The arrival and the daily life.
I arrived in Sushufindi, a little city north in Ecuador, 10 o’clock in the morning, 14 hours after I left Quito, which means I were about 6 hours late. Luckily couldn’t the delay take away my excitement when I met Fausto, a secoya who I later found out is the oldest son in the house and the family I lived with.
Fausto was in town because of his sick mother. As the local shamans hadn’t managed to heal her, she had been sent to the local doctor and later to the hospital.
Fausto and I left sushufindi after a quick lunch and spent the to hour tractor ride to Rio Aguarico watching the colonists banana plantations a long side the road.
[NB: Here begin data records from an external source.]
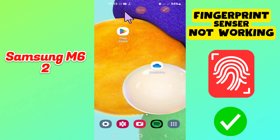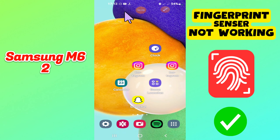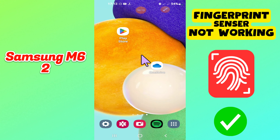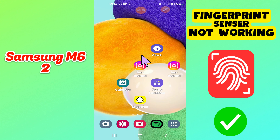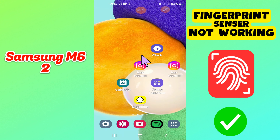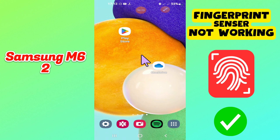Hi everyone. In today's video, I'll show you how to fix the finger lock not working problem on your Samsung M62. Before I start, if you are new to my channel, don't forget to subscribe and hit the bell icon. Watch the complete video and learn how you can do it. Let's watch the video.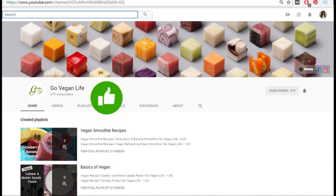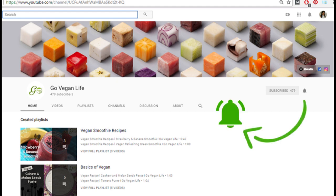Before we begin, please like, share and subscribe to Go Vegan Life. Do let me know your feedback in the comments below. Also, don't forget to hit the bell button so you are notified when a recipe is uploaded.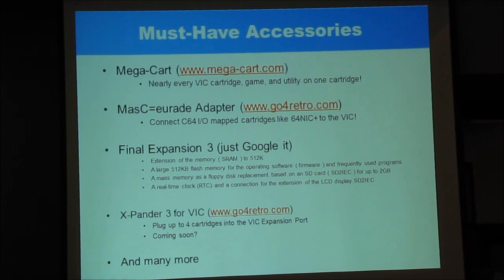There are a number of solutions. This is for memory-mapped cartridges, so things like the SwiftLink and the 64NIC would work through the Masquerade. Jim, you showed up at the right time — I'm giving the Jim Brain sales pitch! There's another really great cartridge for the Vic-20 that I haven't splurged on yet: the Final Expansion 3. I didn't put a URL because it was a really long one, so just Google 'Final Expansion 3' and you'll find it.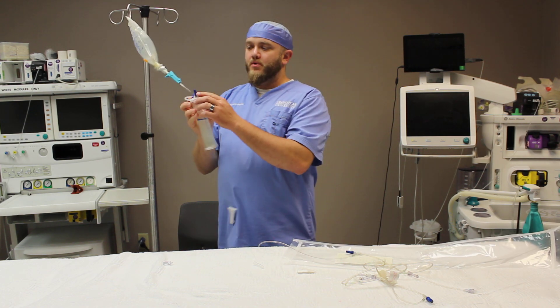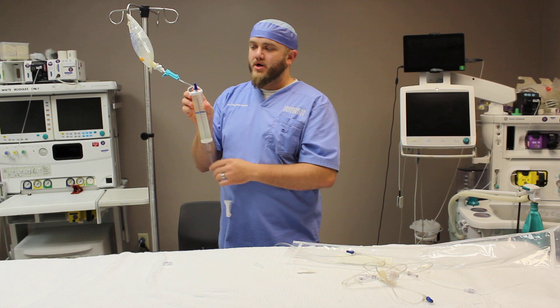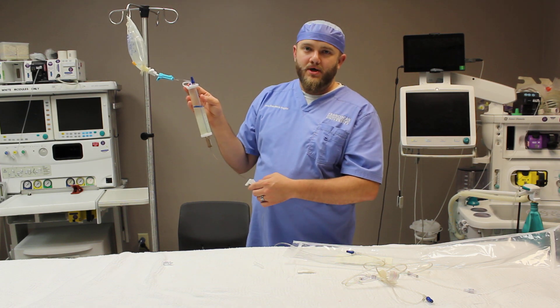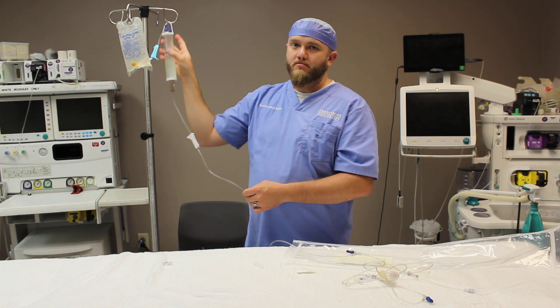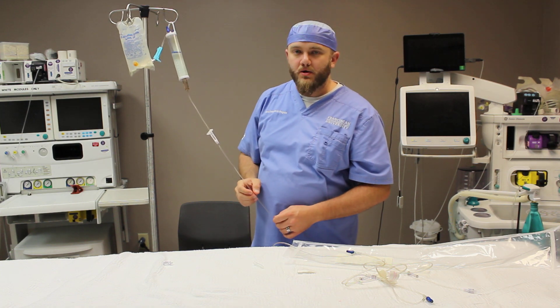There's also a port up here on the top of the buret chamber. That's where you can inject medicine into the buret chamber to give it over a longer infusion time, rather than just giving the patient a bolus.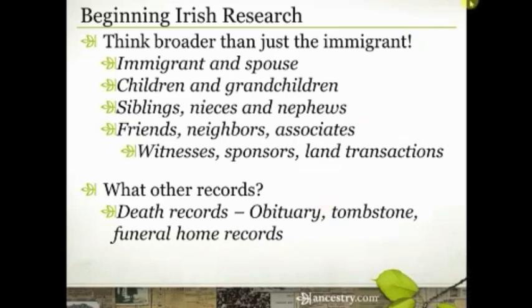Look to death records — and not just a death certificate. Death certificates are a fairly new phenomenon; many states in the United States did not start issuing those until the early 1900s. But there are other kinds of death records. Think about obituaries. You may think your ancestor was a poor farmer and there was nothing of note about them, but some of those small town newspapers — I've seen obituaries as early as the 1820s — printed obituaries whenever anyone local died because it was news.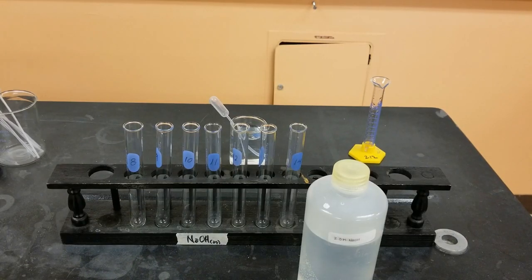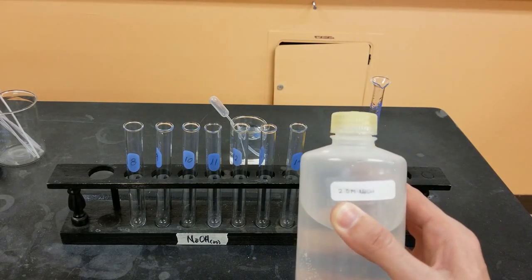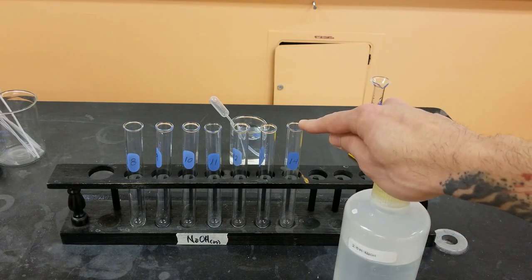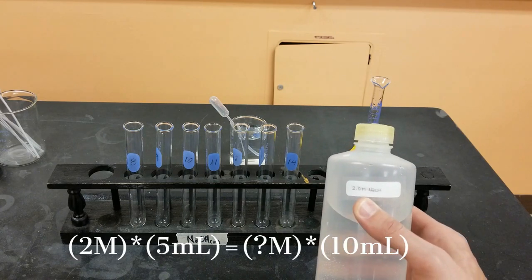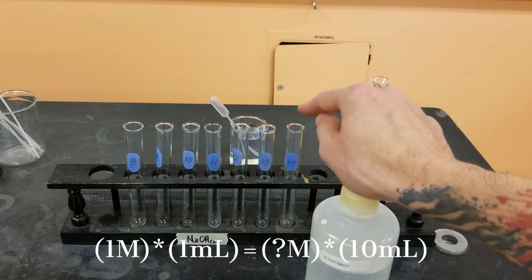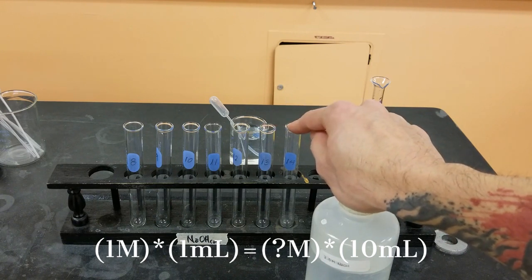In the next part of this, I'm going to be making various sodium hydroxide solutions. I'm going to be starting with a 2 molar stock solution of sodium hydroxide, and I'm going to be starting actually with test tube 14. In test tube 14 there will be 5 milliliters of this with 5 milliliters of water. I'm then going to create the solution for test tube 13, which will be 9 milliliters of water and 1 milliliter from test tube 14.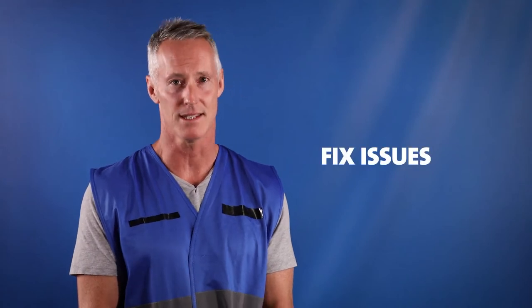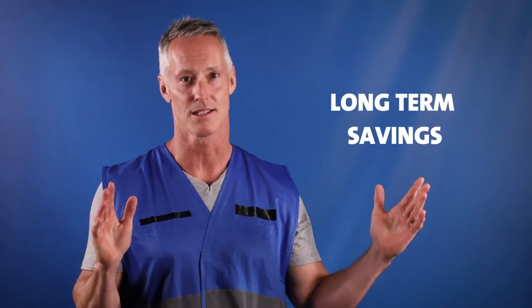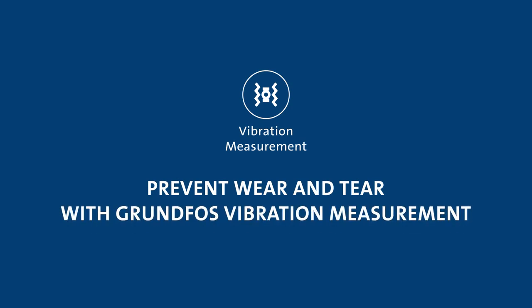This enables me to take the necessary measures to fix issues before they have even occurred, avoiding expensive downtime and ensuring long-term savings. Prevent wear and tear with Grundfos vibration measurement.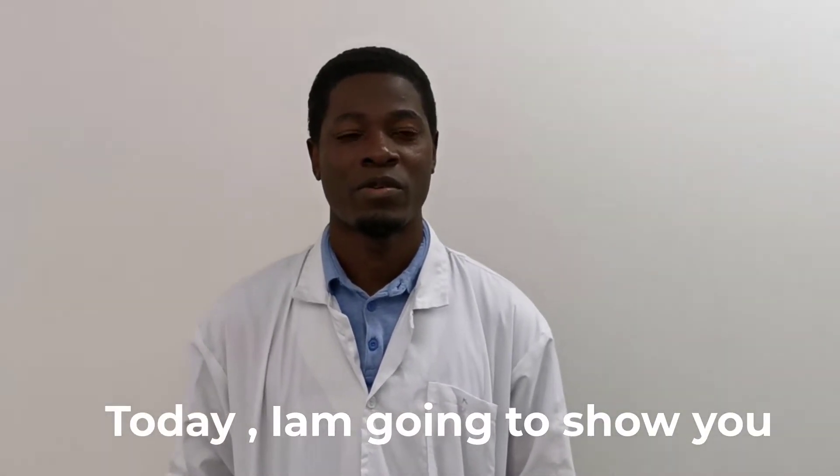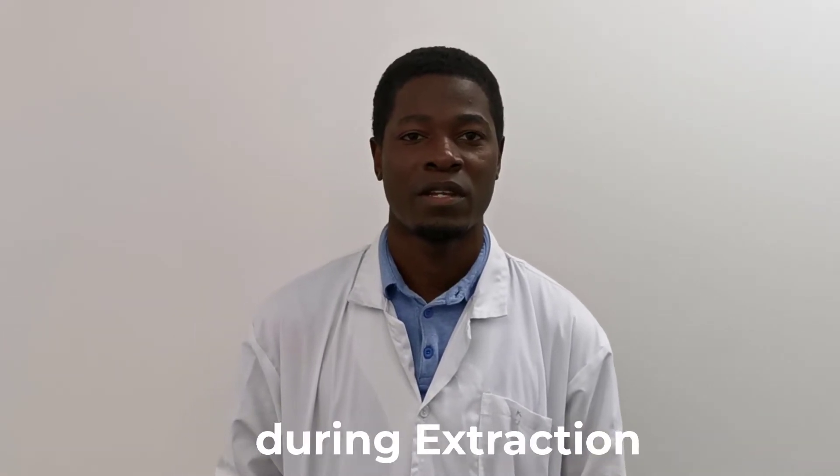Hello, I'm Francis Kawadia from Ghent University. Today I'm going to show you how to make a sieve for collecting nematodes during extraction.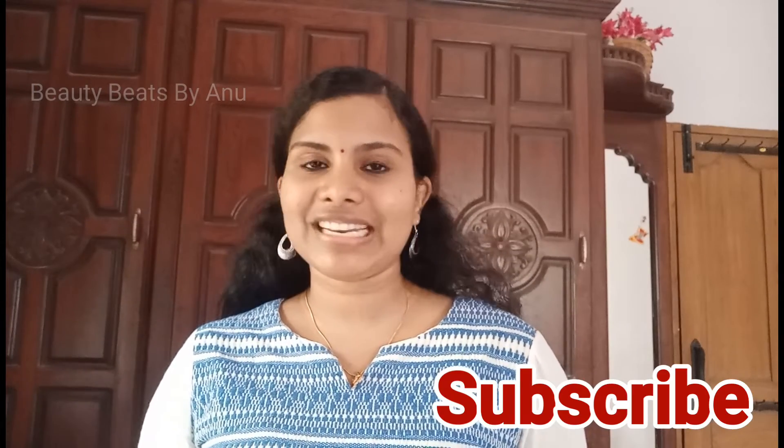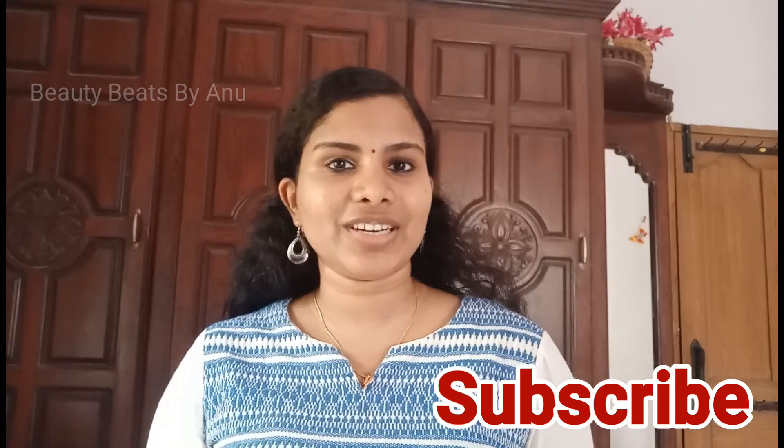Today's video, I will share a simple remedy for you. Please subscribe to our channel.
A terrible sight with the fact in mind that this once was untouched rainforest.
When we arrived at the river port Fausto left me in the hands of his family and friends that were waiting us with a canoe, as the last hour of travelling had to be done up river.
In the beautiful little community with about 100 habitants I was at once introduced to the family I was going to live with and the traditionally secoya life. The family consisting of the father Roberto, five of his seven children and two grandchildren, are all living under the same traditional secoya roof in the only room in the house.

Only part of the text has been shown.